[Collected data]
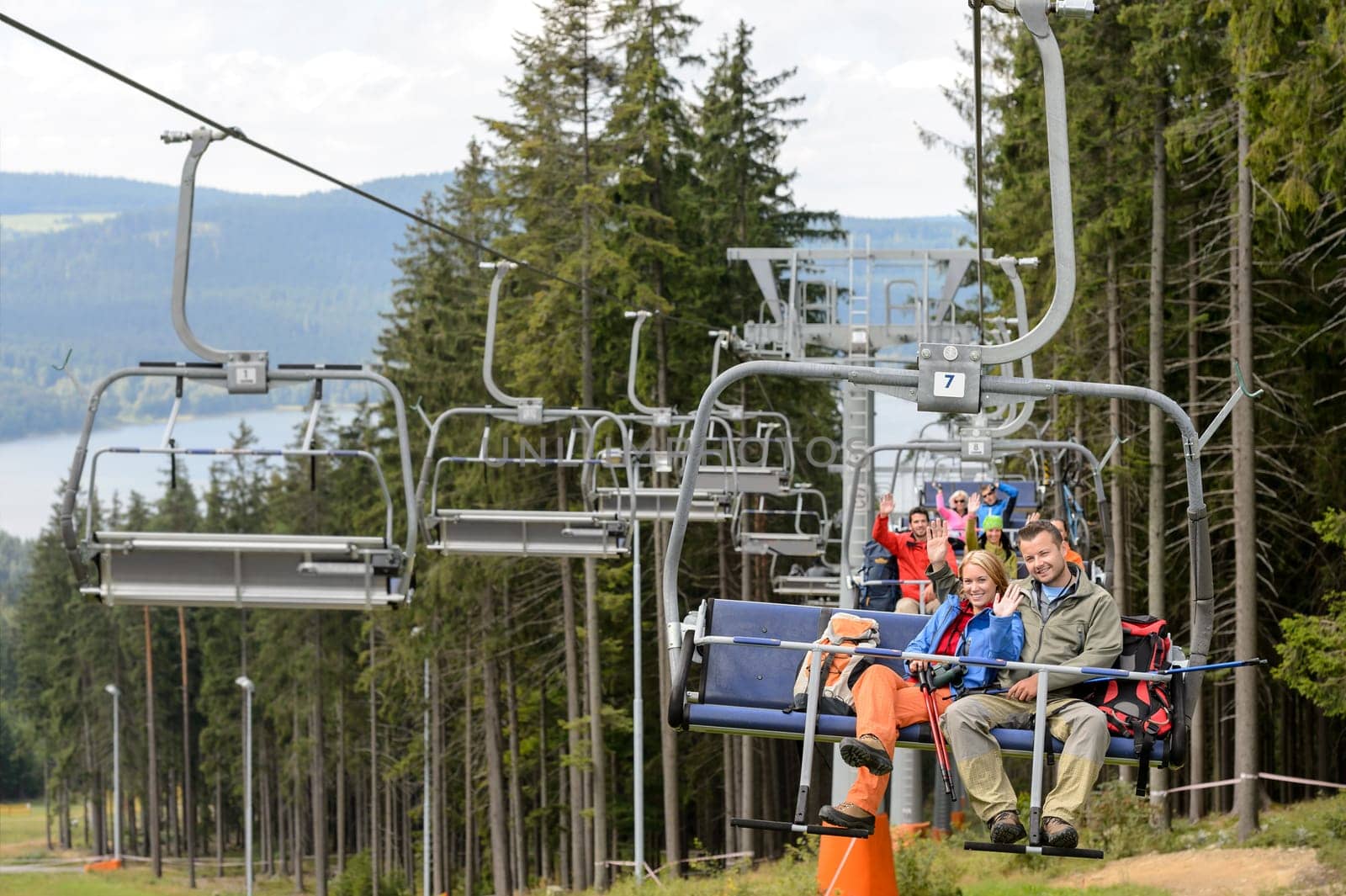 Waving young people sitting on chairlift going through forest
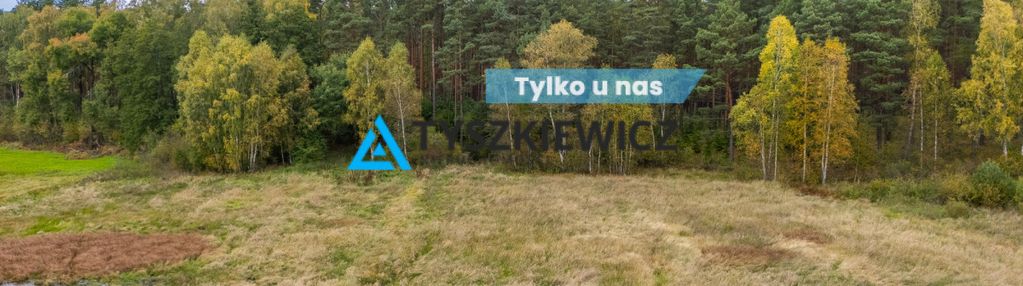 Łąka w cichej i spokojnej okolicy/krzyż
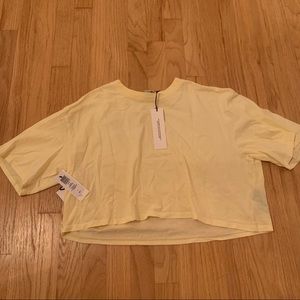 NWOT Aritzia tna tour cropped t shirt Gd butter yellow
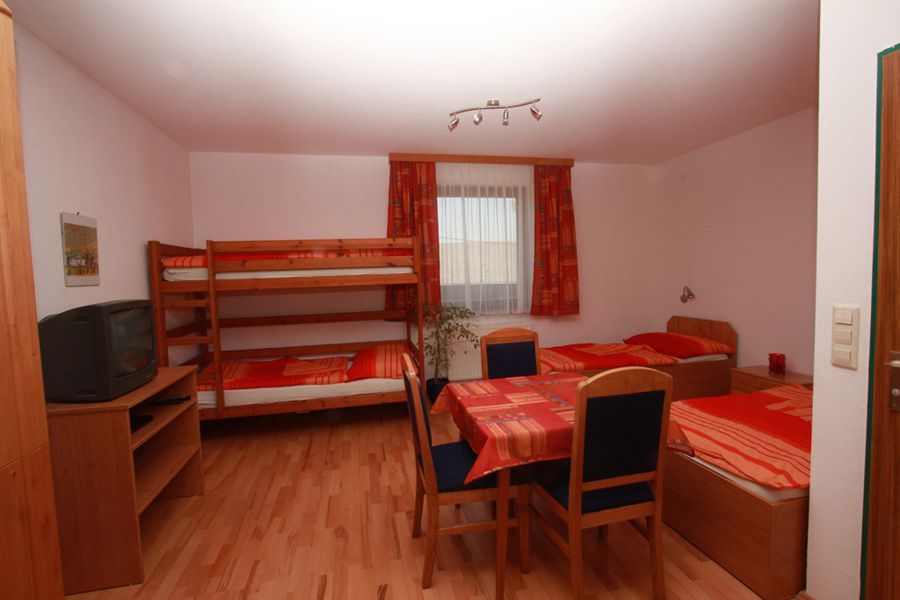 Egyszerűen berendezett szoba emeletes ággyal, egyszemélyes ággyal, asztallal és székekkel. Egy polcon televízió található. A háttérben függönyös ablak.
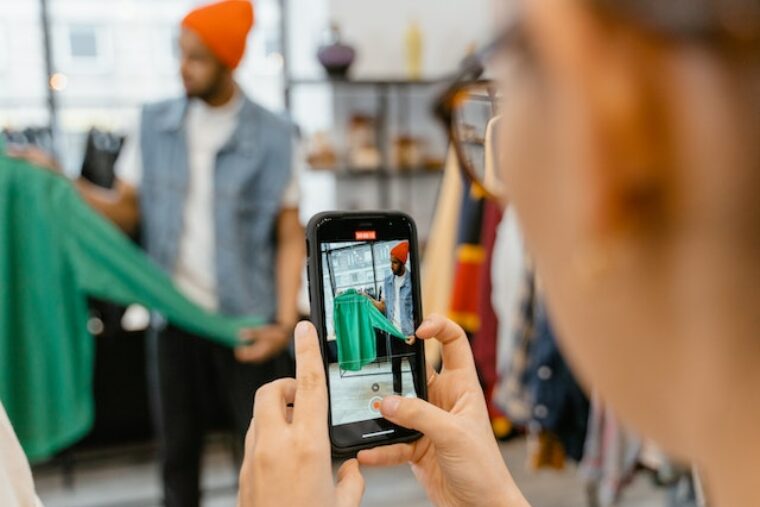 Mit Flohmarkt-Apps kannst du mit alten Sachen Geld verdienen. Auf dem Bild fotografiert eine Person Kleidung, um sie anschließend per App zu verkaufen.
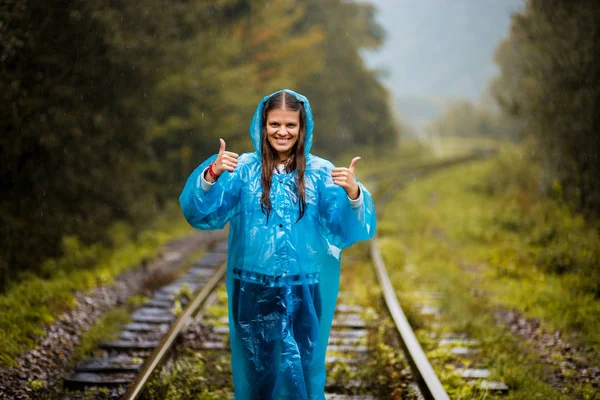 Chica viajera vistiendo chaqueta azul e ir por ferrocarril forestal. Otoño y temporada de lluvias con tonos verde oscuro, mientras que la niña con chaqueta de lluvia azul camina en el bosque, niebla, lluvia y nubes —  Fotos de Stock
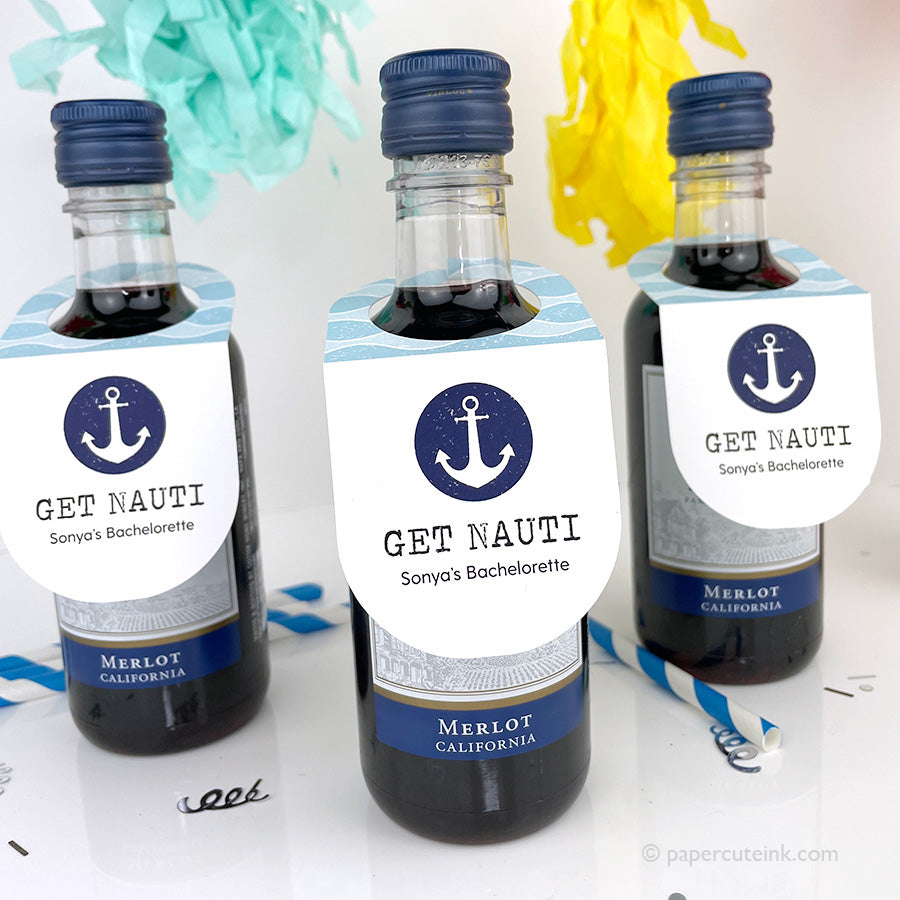 Party favor Get Nauti bottle tags attached to mini bottles of wine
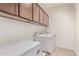 Laundry room with overhead storage cabinets and white front-loading washer and dryer units at 40010 W Ganly Way, Maricopa, AZ 85138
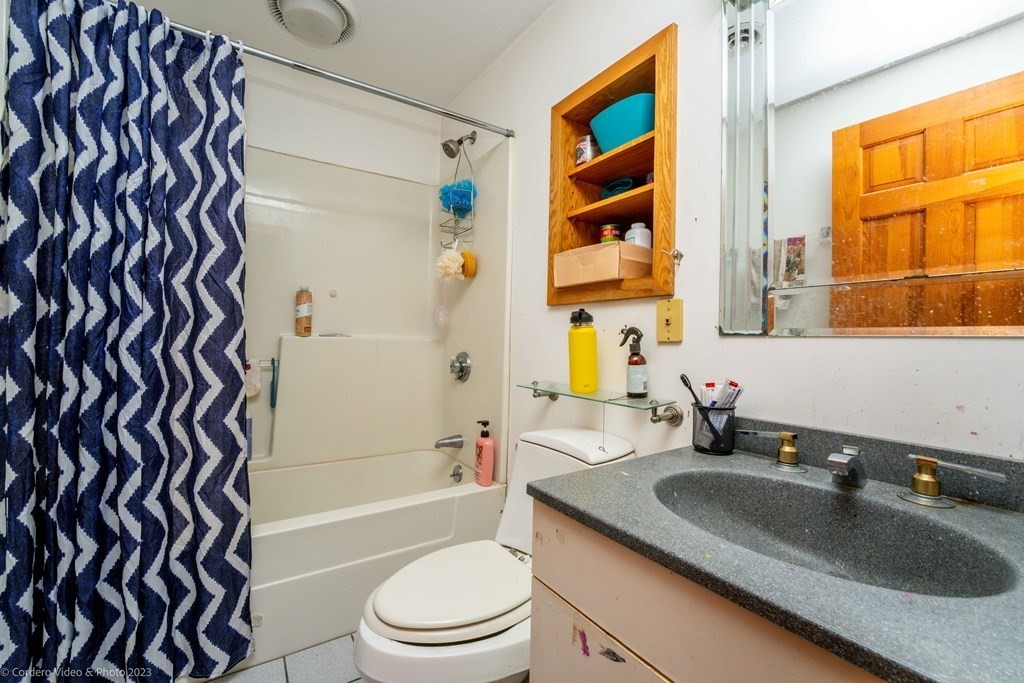 30 Wordell Street Rochester, MA 02770 - Photo 28 of 31 a bathroom with a granite countertop sink a toilet and shower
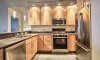 Contemporary kitchen with hardwood cabinetry, Silestone countertops, high-end fixtures and appliances, and stylish lighting.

_Activity_
From the line with "Egyszerűen berendezett szoba" to the last line above, restate each line word for word, but skip the pictures.

_Answer to this problem_
 Egyszerűen berendezett szoba emeletes ággyal, egyszemélyes ággyal, asztallal és székekkel. Egy polcon televízió található. A háttérben függönyös ablak.
 Mit Flohmarkt-Apps kannst du mit alten Sachen Geld verdienen. Auf dem Bild fotografiert eine Person Kleidung, um sie anschließend per App zu verkaufen.
 Chica viajera vistiendo chaqueta azul e ir por ferrocarril forestal. Otoño y temporada de lluvias con tonos verde oscuro, mientras que la niña con chaqueta de lluvia azul camina en el bosque, niebla, lluvia y nubes —  Fotos de Stock
 Party favor Get Nauti bottle tags attached to mini bottles of wine
 Laundry room with overhead storage cabinets and white front-loading washer and dryer units at 40010 W Ganly Way, Maricopa, AZ 85138
 30 Wordell Street Rochester, MA 02770 - Photo 28 of 31 a bathroom with a granite countertop sink a toilet and shower
 Contemporary kitchen with hardwood cabinetry, Silestone countertops, high-end fixtures and appliances, and stylish lighting.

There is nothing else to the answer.